From the October 1911 issue of The Christian Science Journal


ONE great blessing for which the true Christian Scientist has to be thankful is the opportunity and necessity for study; and why? Simply because he has found that genuine study is the first requisite of genuine accomplishment, the high stepping-stone to practical demonstration, to the plane whereon mankind master the art of doing things. He who studies earnestly does not fail to learn, to understand; and he who thus learns and understands obeys implicitly the apostolic injunction, "Work out your own salvation, " thereby proving his knowledge by his deeds.

A wide-awake Christian Scientist has no time to be idle. Any Scientist who in the least indulges idleness blocks his own way to success by disregarding those opportunities at hand which are quite ample for bringing him the daily strength and uplift he needs and must have ere he can go forward. Such a one is untrue to his trust, unmindful of his duty. As he trifles with the grand possibilities before him, his lethargy and carelessness cannot help but bring suffering and sorrow.

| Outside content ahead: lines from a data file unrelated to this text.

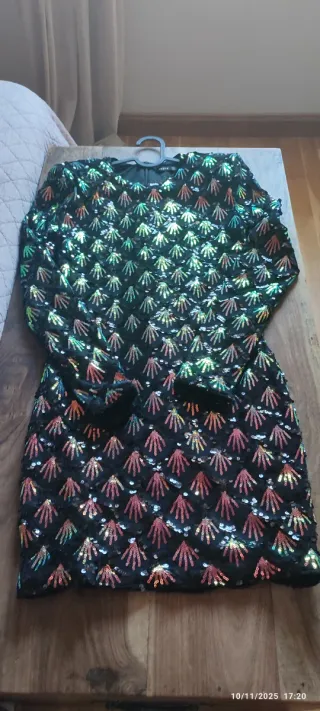 Vestido fiesta lentejuelas negro talla 38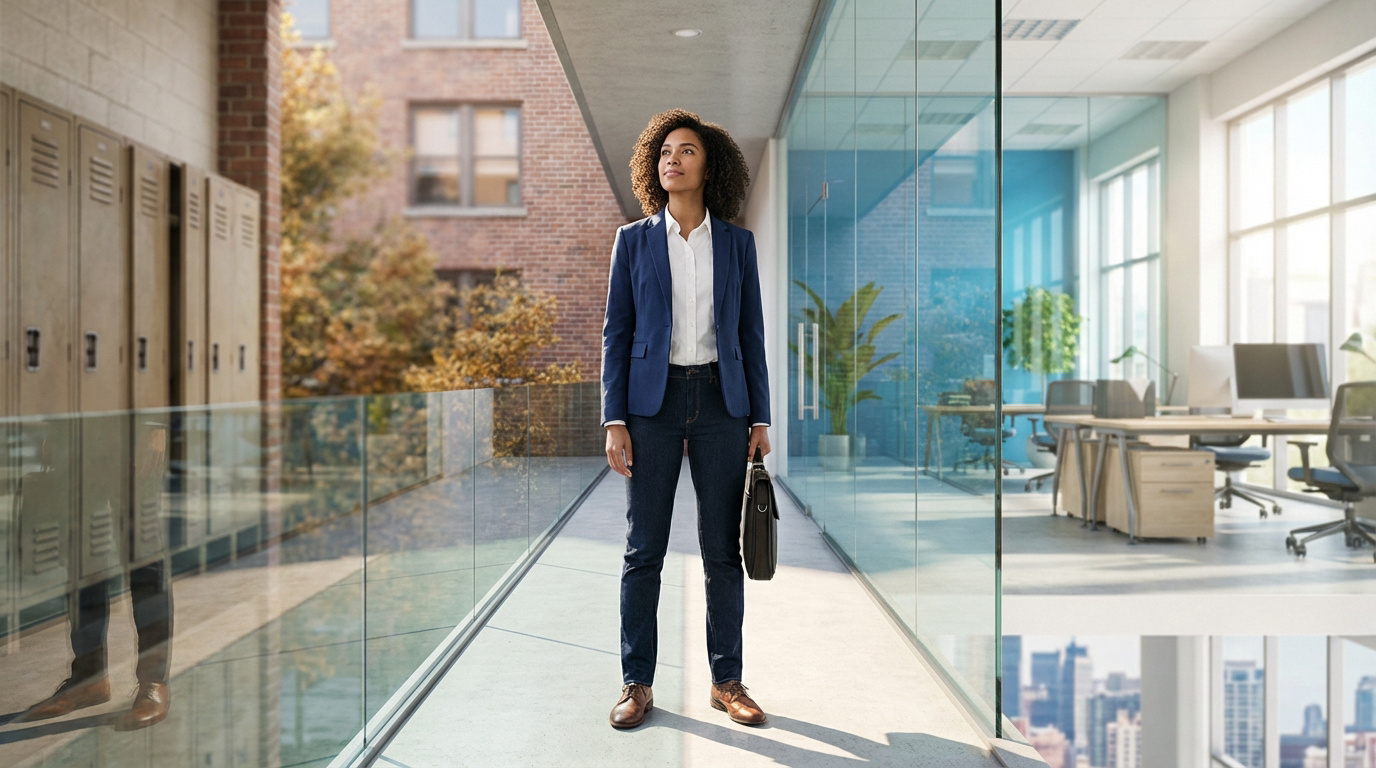 Femme en blazer et jeans sur une passerelle. À gauche, casiers scolaires; à droite, bureau moderne. Elle symbolise la transition pro.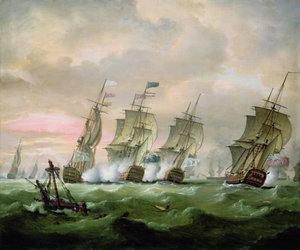 Admirál Sir Edward Hawke porazil admirála M. de Conflans v Biskajském zálivu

Such a one is asleep on the shore of activity, deaf to the clarion call of progress and blind to the good everywhere about him.

Some time ago, a young student of our literature who for three or four years had been most diligent in the search for truth as taught in Christian Science, was tempted to exchange a portion of the time given to its study for mere amusement and idleness. The tempter declared that health had already been restored, that thought was harmonious in every way, and that there was no need of such strict application as had been deemed necessary up to this time. Outlining a course of -action to serve as a substitute for the regular routine, the tempter further declared that an occasional hold upon the Bible and the Christian Science text-book through the medium of the Lesson-Sermon, together with a brief inspection of other Science literature, was sufficient, and that it would bring just as satisfactory results as past experiences had brought; that every man and woman, whether a Scientist or not, needed diversion and recreation, —entertainment, in the popular sense of the terms, —and that to forego these meant harm to one's self. So crafty and seemingly sincere was this mortal mind talker that the young student stopped a moment and listened; then questioned; then argued, and then, as is quite likely to be the case under such circumstances, mortal mind won the day.